Handwerker transportieren mit ihnen Werkzeug, der Bauarbeiter Betonsäcke, die Gärtnerin Grünzeug: Der Pritschenwagen, neudeutsch Pick-up, ist mit seiner offenen Ladefläche das Auto fürs Grobe. Das Nutzfahrzeug schlechthin. Private Autofahrer, zumindest die in Deutschland, interessieren sich eher wenig für diese Wagengattung.
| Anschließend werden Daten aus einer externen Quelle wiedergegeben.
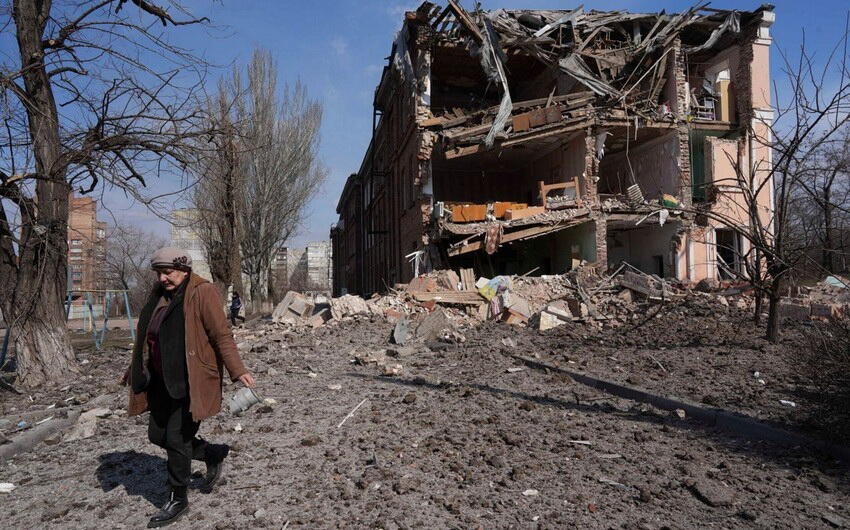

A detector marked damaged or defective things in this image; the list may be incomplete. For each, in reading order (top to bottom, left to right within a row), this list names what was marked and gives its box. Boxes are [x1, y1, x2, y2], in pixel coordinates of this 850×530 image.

damaged facade [332, 0, 776, 294]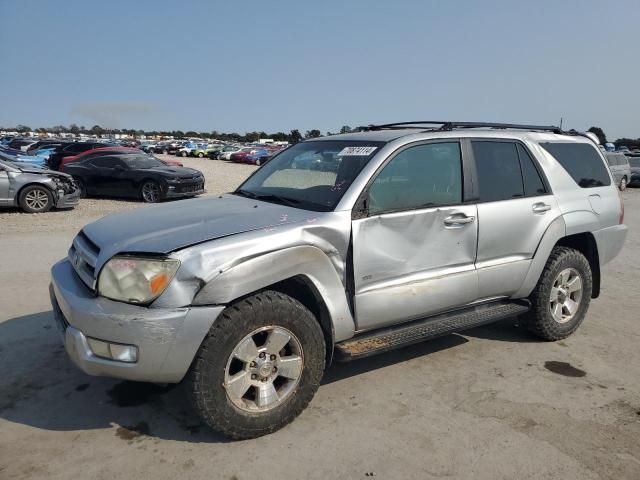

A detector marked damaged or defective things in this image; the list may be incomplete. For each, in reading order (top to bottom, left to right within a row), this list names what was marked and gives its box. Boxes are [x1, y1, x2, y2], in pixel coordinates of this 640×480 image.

damaged car [0, 157, 80, 213]
damaged front door [352, 141, 478, 332]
Zumindest galt das bislang – und ändert sich womöglich gerade. Denn der Pick-up ist so etwas wie das geheime Boomsegment auf dem deutschen Automarkt: 2017 übersteigt die Zahl der Neuzulassungen wohl erstmals deutlich die 20.000, ein Plus von zwölf Prozent im Vergleich zum vergangenen Jahr. Wird das klassische Nutzfahrzeug jetzt cool?
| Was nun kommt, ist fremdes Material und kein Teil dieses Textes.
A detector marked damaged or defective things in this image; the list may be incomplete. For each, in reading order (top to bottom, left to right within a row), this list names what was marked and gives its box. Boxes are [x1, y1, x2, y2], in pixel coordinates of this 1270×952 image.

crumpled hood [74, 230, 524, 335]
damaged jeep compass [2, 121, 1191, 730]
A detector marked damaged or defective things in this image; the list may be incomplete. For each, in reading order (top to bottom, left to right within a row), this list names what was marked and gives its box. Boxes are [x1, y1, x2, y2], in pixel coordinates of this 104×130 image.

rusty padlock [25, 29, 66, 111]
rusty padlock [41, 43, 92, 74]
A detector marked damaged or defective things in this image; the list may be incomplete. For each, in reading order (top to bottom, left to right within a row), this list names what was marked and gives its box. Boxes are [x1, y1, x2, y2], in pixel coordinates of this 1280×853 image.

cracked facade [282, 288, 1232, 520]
"Die Pick-Ups werden komfortabler und auch für Pkw-Kunden interessant", sagt Anja Bühler, Marketing-Managerin bei Mercedes-Benz. Interessiert beobachten die Schwaben etwa die Erfolgsstory des VW-Amarok. Und wagen nun, als weltweit erster Hersteller teurer Autos, den Start in diesem Segment. Für Mercedes ist das vor allem deshalb eine Umstellung, weil die Marktanteile bei Pick-ups – im Gegensatz zu Premiumautos – vor allem über den Preis entschieden werden. Die starten bei der neuen X-Klasse bei über 37.000 Euro – einerseits richtig viel Geld für einen Pick-up. Andererseits auch nicht mehr, als man für ein nacktes C-Klasse Coupé zahlen muss.

Mehr Nutzwert als ein SUV

Frühere Überlegungen, einen SUV wie den GLE zum Pick-up umzuschweißen, wurden aus Kostengründen verworfen; die X-Klasse teilt ihre technische Basis nun mit dem Nissan Navara. Die Stuttgarter verbreiterten dessen Spur, feilten am Fahrwerk, gestalteten den fünfsitzigen Innenraum nach Mercedes-Art neu und passten für die teure Top-Version ihren V6-Motor an. Und so steht künftig also ein wuchtiger, schwerer Pick-up mit LED-Scheinwerfern, fetten Reifen und großem Mercedes-Stern beim Daimler-Pkw-Händler.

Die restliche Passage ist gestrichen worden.